A Uniquely Carved Rocking Chair from the Victorian Era
Lollipop Rocker Made by George Hunzinger, ca. late 1800s

Lollipop Rocking Chair Made by George Hunzinger, ca. late 1800s

- Photo Courtesy of Morphy Auctions
George Hunzinger crafted furniture in New York beginning in the late 1800s with one of his earliest patents for an extension table dating to 1860. He patented and manufactured many Renaissance Revival styles during his career. "Although his work belongs in this category ... it stands alone as a category unto itself," according to RareVictorian.com. He is undoubtedly best known for his "lollipop" carving, which emulates a child's candy sucker.

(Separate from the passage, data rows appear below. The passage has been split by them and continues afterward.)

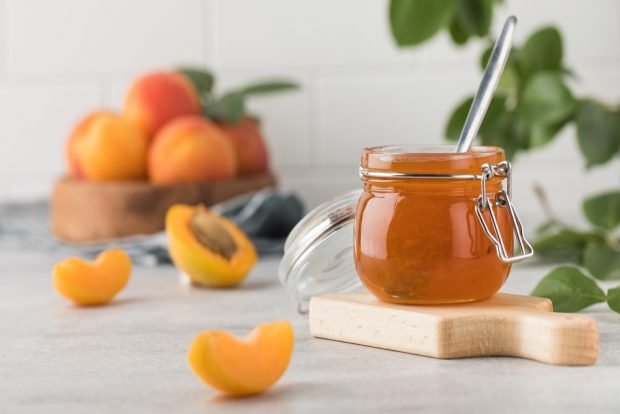 Pitted apricot jelly 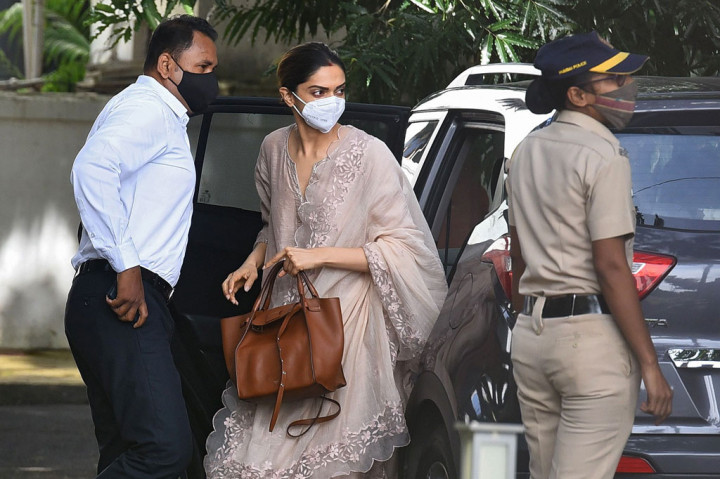 Padukone diinterogasi pada 26 September oleh otoritas India sehubungan dengan penyelidikan narkoba terkait bunuh diri aktor Sushant Singh Rajput.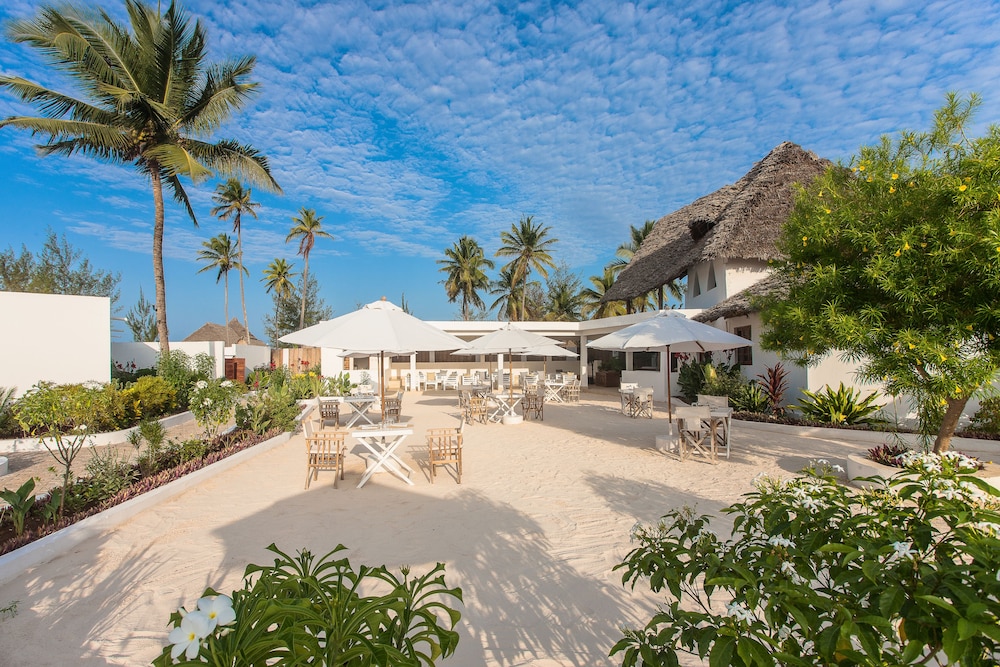 Dhow Inn Boutique Hotel — Restaurant & bars in Paje, Zanzibar South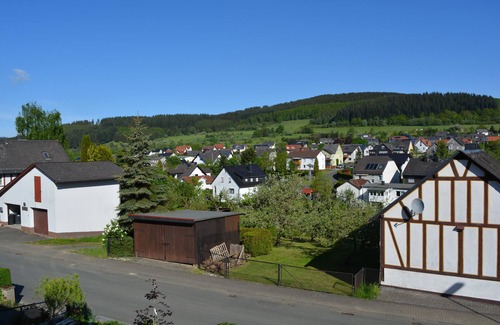 Eschenburg House | Vacation apartment Lahn-Dill-Bergland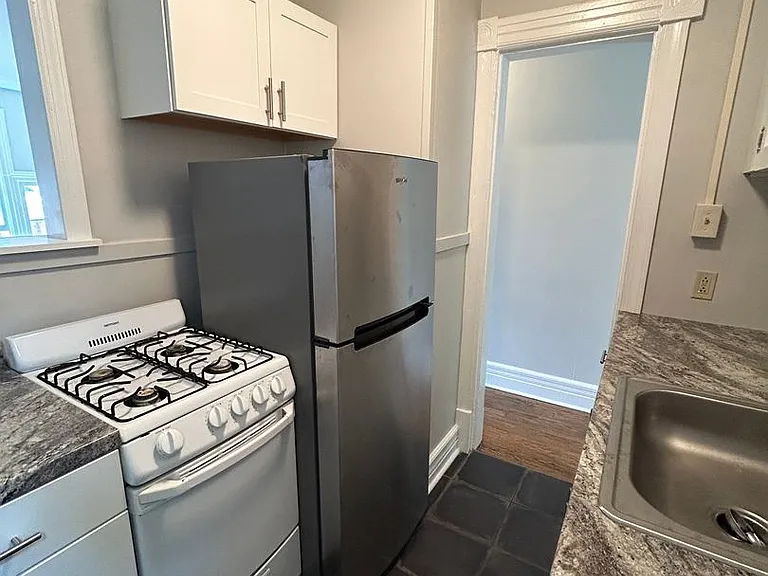 21 N Ferry St — Photo 26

Many of Hunzinger's rocking chairs were made with his elaborate lollipop carving along the backs and arms. These rockers were made in both platform and traditional styles (like the one shown here), and most of them had upholstered backs and seats. He also made non-rocking chair styles with lollipop carving, which are desirable to Victorian furniture collectors as well.

These unique chairs are usually marked with a Hunzinger label to identify them, sometimes hidden under the edge of the seat cushion. They can range in value from several hundred to several thousand at auction depending on the complexity of the style and the quality of the original finish and upholstery. It is unusual to find a Hunzinger chair with the original upholstery in good to excellent condition. Most of these cloth backs and seat cushions have been redone over time.

About the Example Shown Here:

The traditional rocking chair featured above is estimated to bring $400-600 at Morphy Auctions decorative arts sale in early November, 2012. The rocker is in excellent condition overall, but the upholstery is not believed to be original.